Don Giovanni (Opus Arte)
Francesca da Rimini (Naxos)
These stagings of two operas—an acknowledged classic and a less well-known but respectable love story—are illuminated by strong performances in the lead roles. In Mozart’s “Don Giovanni”—seen in Oliver Mears’ stodgy 2019 staging at London’s Royal Opera House—Erwin Schrott is a charmingly roguish Don and Malin Bystrom, Louise Alder and Myrto Papatanasiu are a delightful and sympathetic trio of the Don’s conquests.
Last year in Berlin, Riccardo Zandonai’s tragic “Francesca da Rimini” was staged impeccably by director Christof Loy, helped immeasurably by American soprano Sara Jakubiak’s varied, versatile, vocally and dramatically flawless portrayal of Francesca. Both operas have excellent hi-def video and sound; “Giovanni” extras are short interviews with cast and creatives.
DVD Release of the Week
Le Chevalier de Saint-George—The Enlightened Violinist (BelAir Classiques)
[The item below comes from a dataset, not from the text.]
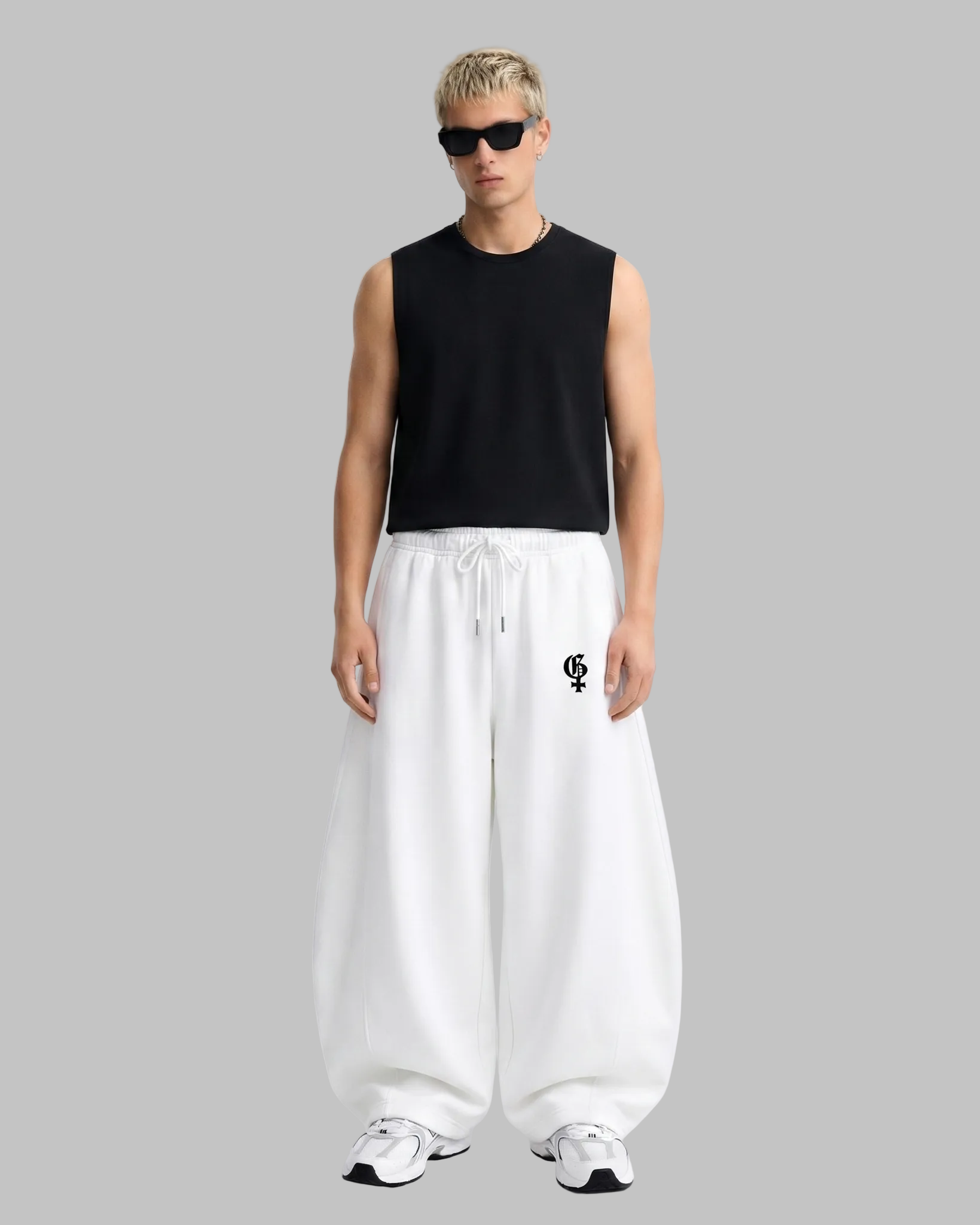 Genrage White Balloon Pants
This short documentary about the life of a remarkable musician and composer, Joseph Bologne, aka Le Chevalier de Saint-George, fills a hole in part of our history of music—this Black man from Guadeloupe (then a French colony) was born to an enslaved 16-year-old in 1745 and was considered the “Black Mozart” by his contemporaries for his versatility as an instrumentalist and facility as a composer. Several music scholars and musicians discuss his importance both historically and musically, and the accompanying hour-long concert—which features soprano Magali Leger, who also speaks in the documentary—includes some of his well-crafted music alongside works by Haydn and Mozart, providing a necessary corrective to our current musical trajectory.